## Exercise directions
Exactly as they stand, copy the lines from the one containing "Number one, what" to the final line of the data; leave out the pictures.

## Data section
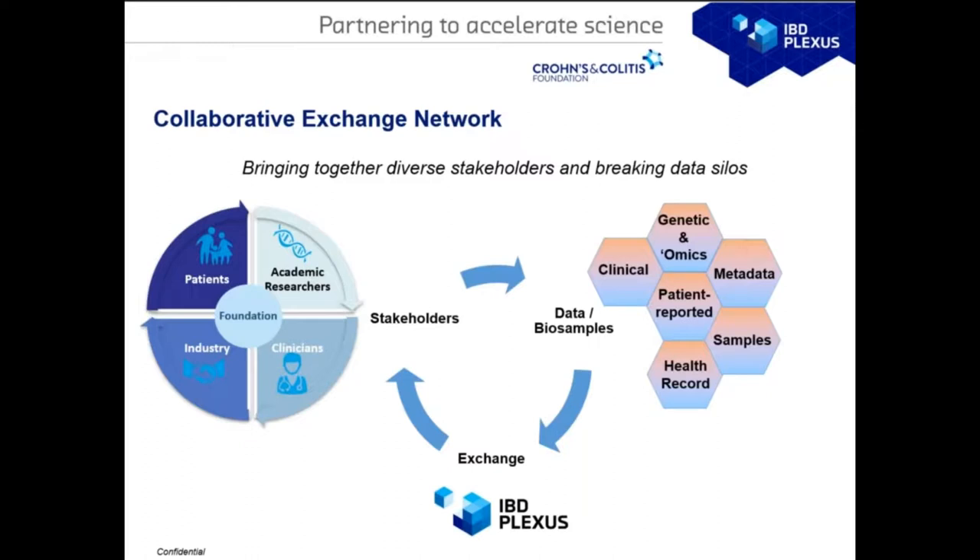IBD Plexus is a collaborative exchange network that brings together diverse stakeholders and aims to break down data silos. Stakeholders include patients, academic researchers, industry, and clinicians. We work toward pre-competitive contributions and discussions and derive that into the IBD Plexus program. The data exchange concept also means that any molecular data derived from biosamples we collect and centralize will come back into the program as well.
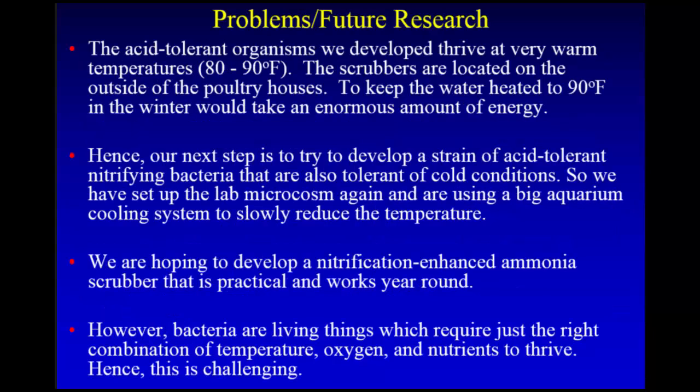For future research: the acid-tolerant bacteria we developed thrive at very warm temperatures — about 85 degrees — because our lab pump generated a lot of heat. But our scrubbers outside chicken houses in northwest Arkansas get really cold in the wintertime; they've frozen before. The heat input needed to keep the system at 85–90 degrees is not sustainable. So our next step is trying to develop a strain of acid-tolerant nitrifying bacteria that are also tolerant of cold conditions.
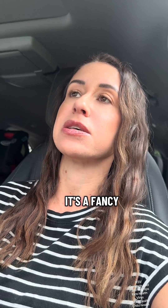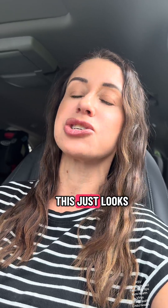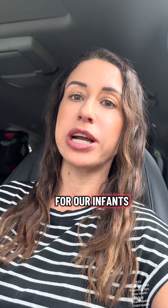Number one, what is RSV? It's a respiratory virus — a common virus that causes cold-like symptoms in older kids and adults. In older kids and adults, this just looks like a really bad cold, but here's why it's so dangerous for our infants.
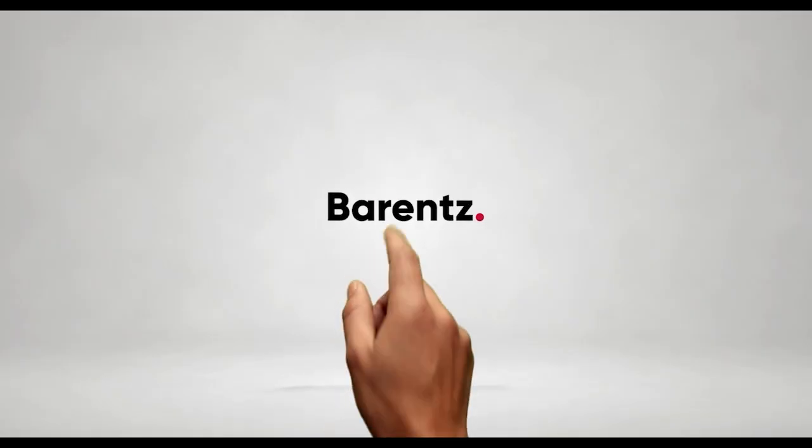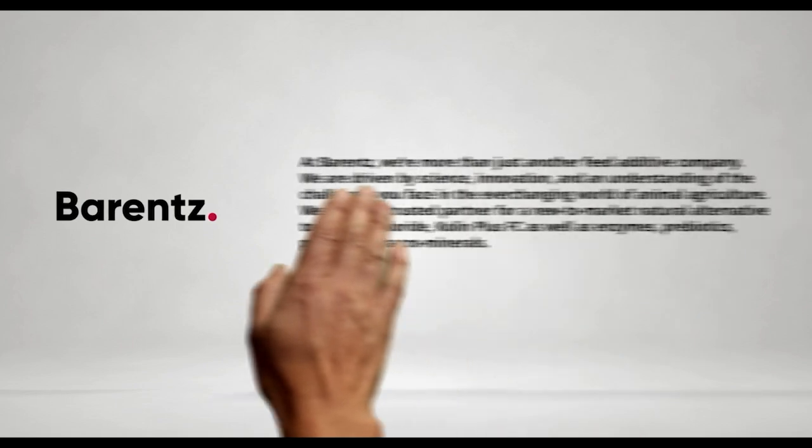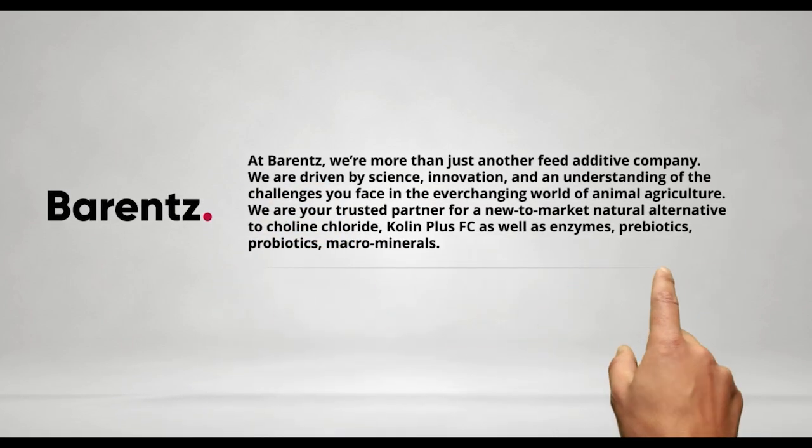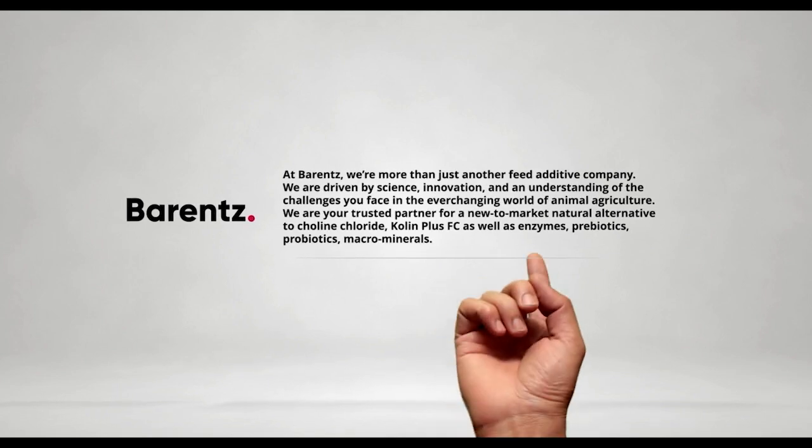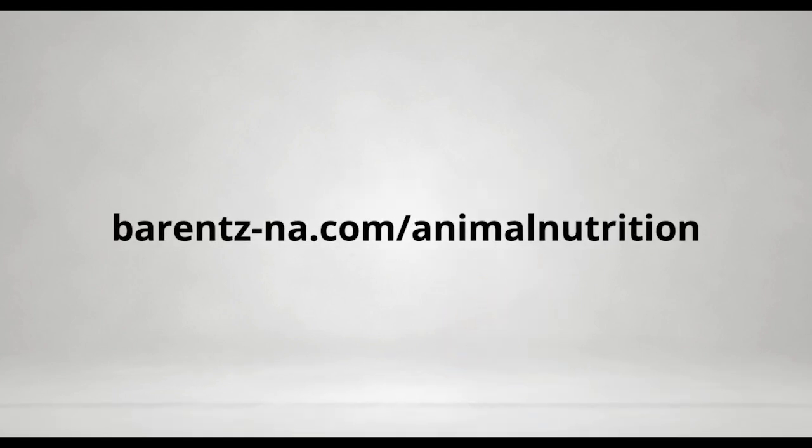At Barnes, we're more than just another feed additive company. We are driven by science, innovation, and an understanding of the challenges you face in the ever-changing world of animal agriculture. We are your trusted partner for a new-to-market natural alternative to choline chloride — Choline Plus FC — as well as enzymes, prebiotics, probiotics, and macro minerals. To learn more about our product offering, visit barnes-ne.com/animal-nutrition. Together, there's always a better solution.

## Solution to the problem
Number one, what is RSV? It's a respiratory virus — a common virus that causes cold-like symptoms in older kids and adults. In older kids and adults, this just looks like a really bad cold, but here's why it's so dangerous for our infants.
At Barnes, we're more than just another feed additive company. We are driven by science, innovation, and an understanding of the challenges you face in the ever-changing world of animal agriculture. We are your trusted partner for a new-to-market natural alternative to choline chloride — Choline Plus FC — as well as enzymes, prebiotics, probiotics, and macro minerals. To learn more about our product offering, visit barnes-ne.com/animal-nutrition. Together, there's always a better solution.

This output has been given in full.